- [Requirement]: What follows is a set of records; copy all of it exactly.
*** Opening Records for processing ***
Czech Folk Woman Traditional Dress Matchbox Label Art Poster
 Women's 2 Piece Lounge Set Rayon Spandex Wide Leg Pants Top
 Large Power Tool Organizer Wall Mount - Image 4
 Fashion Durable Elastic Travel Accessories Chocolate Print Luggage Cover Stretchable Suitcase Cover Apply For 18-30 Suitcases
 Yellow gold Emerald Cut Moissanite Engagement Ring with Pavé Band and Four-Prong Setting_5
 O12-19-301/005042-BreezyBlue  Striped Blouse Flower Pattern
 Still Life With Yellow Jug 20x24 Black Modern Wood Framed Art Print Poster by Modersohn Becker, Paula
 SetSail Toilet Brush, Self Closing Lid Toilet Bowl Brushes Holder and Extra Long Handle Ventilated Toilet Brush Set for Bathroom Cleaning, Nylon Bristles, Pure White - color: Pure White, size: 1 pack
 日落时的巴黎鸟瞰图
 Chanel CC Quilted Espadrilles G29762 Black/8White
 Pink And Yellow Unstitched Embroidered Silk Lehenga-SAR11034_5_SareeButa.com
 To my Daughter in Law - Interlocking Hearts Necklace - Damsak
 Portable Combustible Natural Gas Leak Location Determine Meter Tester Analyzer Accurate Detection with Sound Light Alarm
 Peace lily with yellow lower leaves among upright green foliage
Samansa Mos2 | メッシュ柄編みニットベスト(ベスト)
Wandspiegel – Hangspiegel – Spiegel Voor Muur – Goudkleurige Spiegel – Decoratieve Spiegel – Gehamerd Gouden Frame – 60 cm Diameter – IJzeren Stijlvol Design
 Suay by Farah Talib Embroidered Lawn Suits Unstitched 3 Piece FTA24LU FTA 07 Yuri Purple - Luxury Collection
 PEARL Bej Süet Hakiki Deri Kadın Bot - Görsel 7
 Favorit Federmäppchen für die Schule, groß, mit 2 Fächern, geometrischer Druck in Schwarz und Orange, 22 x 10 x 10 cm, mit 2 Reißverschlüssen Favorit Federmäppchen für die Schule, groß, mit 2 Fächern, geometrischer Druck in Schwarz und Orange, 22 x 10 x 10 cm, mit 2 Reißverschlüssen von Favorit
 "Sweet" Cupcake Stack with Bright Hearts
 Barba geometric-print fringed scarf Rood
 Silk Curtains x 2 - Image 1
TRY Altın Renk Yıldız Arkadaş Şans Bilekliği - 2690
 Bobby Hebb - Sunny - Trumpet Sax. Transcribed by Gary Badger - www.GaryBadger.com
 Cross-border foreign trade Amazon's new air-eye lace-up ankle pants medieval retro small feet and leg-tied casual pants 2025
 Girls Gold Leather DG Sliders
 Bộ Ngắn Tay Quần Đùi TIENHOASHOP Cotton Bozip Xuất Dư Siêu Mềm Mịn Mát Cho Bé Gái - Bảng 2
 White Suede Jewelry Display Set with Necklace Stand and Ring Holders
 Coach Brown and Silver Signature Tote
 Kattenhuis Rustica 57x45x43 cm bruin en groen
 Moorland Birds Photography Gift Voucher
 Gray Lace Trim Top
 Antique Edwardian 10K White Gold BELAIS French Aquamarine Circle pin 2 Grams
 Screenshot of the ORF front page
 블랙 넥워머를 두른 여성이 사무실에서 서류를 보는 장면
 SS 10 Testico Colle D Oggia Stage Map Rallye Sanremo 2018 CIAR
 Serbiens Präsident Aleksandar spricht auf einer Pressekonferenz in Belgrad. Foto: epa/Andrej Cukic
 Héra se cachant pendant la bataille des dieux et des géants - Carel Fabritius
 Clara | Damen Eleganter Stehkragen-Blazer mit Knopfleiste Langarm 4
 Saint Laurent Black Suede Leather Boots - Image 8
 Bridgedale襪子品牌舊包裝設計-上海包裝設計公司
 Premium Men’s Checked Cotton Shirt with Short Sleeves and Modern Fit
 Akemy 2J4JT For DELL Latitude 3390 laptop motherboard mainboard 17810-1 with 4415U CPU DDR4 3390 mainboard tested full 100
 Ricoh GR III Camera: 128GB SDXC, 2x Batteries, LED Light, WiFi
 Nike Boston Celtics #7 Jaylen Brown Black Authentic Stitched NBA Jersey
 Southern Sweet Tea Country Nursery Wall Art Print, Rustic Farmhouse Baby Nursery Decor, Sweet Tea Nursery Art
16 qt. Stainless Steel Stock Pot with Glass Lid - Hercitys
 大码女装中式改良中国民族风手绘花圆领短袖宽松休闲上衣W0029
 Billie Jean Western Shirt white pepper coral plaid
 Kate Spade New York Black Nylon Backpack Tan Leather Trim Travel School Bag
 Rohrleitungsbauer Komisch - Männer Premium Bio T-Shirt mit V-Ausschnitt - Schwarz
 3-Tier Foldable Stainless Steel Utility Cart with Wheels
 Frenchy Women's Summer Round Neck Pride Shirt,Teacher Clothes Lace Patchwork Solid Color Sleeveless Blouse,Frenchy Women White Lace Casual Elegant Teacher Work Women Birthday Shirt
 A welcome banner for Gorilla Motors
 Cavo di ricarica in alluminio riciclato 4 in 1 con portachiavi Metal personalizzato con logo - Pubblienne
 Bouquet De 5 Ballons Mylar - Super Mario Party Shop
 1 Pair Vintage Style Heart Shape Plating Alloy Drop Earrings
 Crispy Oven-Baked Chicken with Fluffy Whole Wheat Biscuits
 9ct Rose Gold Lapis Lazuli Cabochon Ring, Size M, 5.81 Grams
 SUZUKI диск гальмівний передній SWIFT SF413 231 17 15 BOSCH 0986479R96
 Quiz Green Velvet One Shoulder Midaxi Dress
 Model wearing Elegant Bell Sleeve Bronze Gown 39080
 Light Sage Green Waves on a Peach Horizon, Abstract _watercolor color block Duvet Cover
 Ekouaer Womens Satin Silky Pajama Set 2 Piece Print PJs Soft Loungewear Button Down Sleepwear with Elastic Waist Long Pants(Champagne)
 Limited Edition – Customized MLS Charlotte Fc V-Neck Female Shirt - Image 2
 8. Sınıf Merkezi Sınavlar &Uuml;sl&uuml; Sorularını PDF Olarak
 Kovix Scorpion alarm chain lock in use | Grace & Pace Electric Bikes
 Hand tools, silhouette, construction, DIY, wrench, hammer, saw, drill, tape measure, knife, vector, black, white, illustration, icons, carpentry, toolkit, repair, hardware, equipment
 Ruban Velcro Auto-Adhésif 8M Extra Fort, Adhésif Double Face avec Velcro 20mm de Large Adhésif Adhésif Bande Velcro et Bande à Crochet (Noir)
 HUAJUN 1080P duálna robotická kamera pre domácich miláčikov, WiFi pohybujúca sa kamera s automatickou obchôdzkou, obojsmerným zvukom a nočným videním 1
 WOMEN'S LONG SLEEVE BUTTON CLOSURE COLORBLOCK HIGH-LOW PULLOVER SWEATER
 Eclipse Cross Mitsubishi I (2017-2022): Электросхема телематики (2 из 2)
*** Closing Records for processing ***
- [Written solution]:
Czech Folk Woman Traditional Dress Matchbox Label Art Poster
 Women's 2 Piece Lounge Set Rayon Spandex Wide Leg Pants Top
 Large Power Tool Organizer Wall Mount - Image 4
 Fashion Durable Elastic Travel Accessories Chocolate Print Luggage Cover Stretchable Suitcase Cover Apply For 18-30 Suitcases
 Yellow gold Emerald Cut Moissanite Engagement Ring with Pavé Band and Four-Prong Setting_5
 O12-19-301/005042-BreezyBlue  Striped Blouse Flower Pattern
 Still Life With Yellow Jug 20x24 Black Modern Wood Framed Art Print Poster by Modersohn Becker, Paula
 SetSail Toilet Brush, Self Closing Lid Toilet Bowl Brushes Holder and Extra Long Handle Ventilated Toilet Brush Set for Bathroom Cleaning, Nylon Bristles, Pure White - color: Pure White, size: 1 pack
 日落时的巴黎鸟瞰图
 Chanel CC Quilted Espadrilles G29762 Black/8White
 Pink And Yellow Unstitched Embroidered Silk Lehenga-SAR11034_5_SareeButa.com
 To my Daughter in Law - Interlocking Hearts Necklace - Damsak
 Portable Combustible Natural Gas Leak Location Determine Meter Tester Analyzer Accurate Detection with Sound Light Alarm
 Peace lily with yellow lower leaves among upright green foliage
Samansa Mos2 | メッシュ柄編みニットベスト(ベスト)
Wandspiegel – Hangspiegel – Spiegel Voor Muur – Goudkleurige Spiegel – Decoratieve Spiegel – Gehamerd Gouden Frame – 60 cm Diameter – IJzeren Stijlvol Design
 Suay by Farah Talib Embroidered Lawn Suits Unstitched 3 Piece FTA24LU FTA 07 Yuri Purple - Luxury Collection
 PEARL Bej Süet Hakiki Deri Kadın Bot - Görsel 7
 Favorit Federmäppchen für die Schule, groß, mit 2 Fächern, geometrischer Druck in Schwarz und Orange, 22 x 10 x 10 cm, mit 2 Reißverschlüssen Favorit Federmäppchen für die Schule, groß, mit 2 Fächern, geometrischer Druck in Schwarz und Orange, 22 x 10 x 10 cm, mit 2 Reißverschlüssen von Favorit
 "Sweet" Cupcake Stack with Bright Hearts
 Barba geometric-print fringed scarf Rood
 Silk Curtains x 2 - Image 1
TRY Altın Renk Yıldız Arkadaş Şans Bilekliği - 2690
 Bobby Hebb - Sunny - Trumpet Sax. Transcribed by Gary Badger - www.GaryBadger.com
 Cross-border foreign trade Amazon's new air-eye lace-up ankle pants medieval retro small feet and leg-tied casual pants 2025
 Girls Gold Leather DG Sliders
 Bộ Ngắn Tay Quần Đùi TIENHOASHOP Cotton Bozip Xuất Dư Siêu Mềm Mịn Mát Cho Bé Gái - Bảng 2
 White Suede Jewelry Display Set with Necklace Stand and Ring Holders
 Coach Brown and Silver Signature Tote
 Kattenhuis Rustica 57x45x43 cm bruin en groen
 Moorland Birds Photography Gift Voucher
 Gray Lace Trim Top
 Antique Edwardian 10K White Gold BELAIS French Aquamarine Circle pin 2 Grams
 Screenshot of the ORF front page
 블랙 넥워머를 두른 여성이 사무실에서 서류를 보는 장면
 SS 10 Testico Colle D Oggia Stage Map Rallye Sanremo 2018 CIAR
 Serbiens Präsident Aleksandar spricht auf einer Pressekonferenz in Belgrad. Foto: epa/Andrej Cukic
 Héra se cachant pendant la bataille des dieux et des géants - Carel Fabritius
 Clara | Damen Eleganter Stehkragen-Blazer mit Knopfleiste Langarm 4
 Saint Laurent Black Suede Leather Boots - Image 8
 Bridgedale襪子品牌舊包裝設計-上海包裝設計公司
 Premium Men’s Checked Cotton Shirt with Short Sleeves and Modern Fit
 Akemy 2J4JT For DELL Latitude 3390 laptop motherboard mainboard 17810-1 with 4415U CPU DDR4 3390 mainboard tested full 100
 Ricoh GR III Camera: 128GB SDXC, 2x Batteries, LED Light, WiFi
 Nike Boston Celtics #7 Jaylen Brown Black Authentic Stitched NBA Jersey
 Southern Sweet Tea Country Nursery Wall Art Print, Rustic Farmhouse Baby Nursery Decor, Sweet Tea Nursery Art
16 qt. Stainless Steel Stock Pot with Glass Lid - Hercitys
 大码女装中式改良中国民族风手绘花圆领短袖宽松休闲上衣W0029
 Billie Jean Western Shirt white pepper coral plaid
 Kate Spade New York Black Nylon Backpack Tan Leather Trim Travel School Bag
 Rohrleitungsbauer Komisch - Männer Premium Bio T-Shirt mit V-Ausschnitt - Schwarz
 3-Tier Foldable Stainless Steel Utility Cart with Wheels
 Frenchy Women's Summer Round Neck Pride Shirt,Teacher Clothes Lace Patchwork Solid Color Sleeveless Blouse,Frenchy Women White Lace Casual Elegant Teacher Work Women Birthday Shirt
 A welcome banner for Gorilla Motors
 Cavo di ricarica in alluminio riciclato 4 in 1 con portachiavi Metal personalizzato con logo - Pubblienne
 Bouquet De 5 Ballons Mylar - Super Mario Party Shop
 1 Pair Vintage Style Heart Shape Plating Alloy Drop Earrings
 Crispy Oven-Baked Chicken with Fluffy Whole Wheat Biscuits
 9ct Rose Gold Lapis Lazuli Cabochon Ring, Size M, 5.81 Grams
 SUZUKI диск гальмівний передній SWIFT SF413 231 17 15 BOSCH 0986479R96
 Quiz Green Velvet One Shoulder Midaxi Dress
 Model wearing Elegant Bell Sleeve Bronze Gown 39080
 Light Sage Green Waves on a Peach Horizon, Abstract _watercolor color block Duvet Cover
 Ekouaer Womens Satin Silky Pajama Set 2 Piece Print PJs Soft Loungewear Button Down Sleepwear with Elastic Waist Long Pants(Champagne)
 Limited Edition – Customized MLS Charlotte Fc V-Neck Female Shirt - Image 2
 8. Sınıf Merkezi Sınavlar &Uuml;sl&uuml; Sorularını PDF Olarak
 Kovix Scorpion alarm chain lock in use | Grace & Pace Electric Bikes
 Hand tools, silhouette, construction, DIY, wrench, hammer, saw, drill, tape measure, knife, vector, black, white, illustration, icons, carpentry, toolkit, repair, hardware, equipment
 Ruban Velcro Auto-Adhésif 8M Extra Fort, Adhésif Double Face avec Velcro 20mm de Large Adhésif Adhésif Bande Velcro et Bande à Crochet (Noir)
 HUAJUN 1080P duálna robotická kamera pre domácich miláčikov, WiFi pohybujúca sa kamera s automatickou obchôdzkou, obojsmerným zvukom a nočným videním 1
 WOMEN'S LONG SLEEVE BUTTON CLOSURE COLORBLOCK HIGH-LOW PULLOVER SWEATER
 Eclipse Cross Mitsubishi I (2017-2022): Электросхема телематики (2 из 2)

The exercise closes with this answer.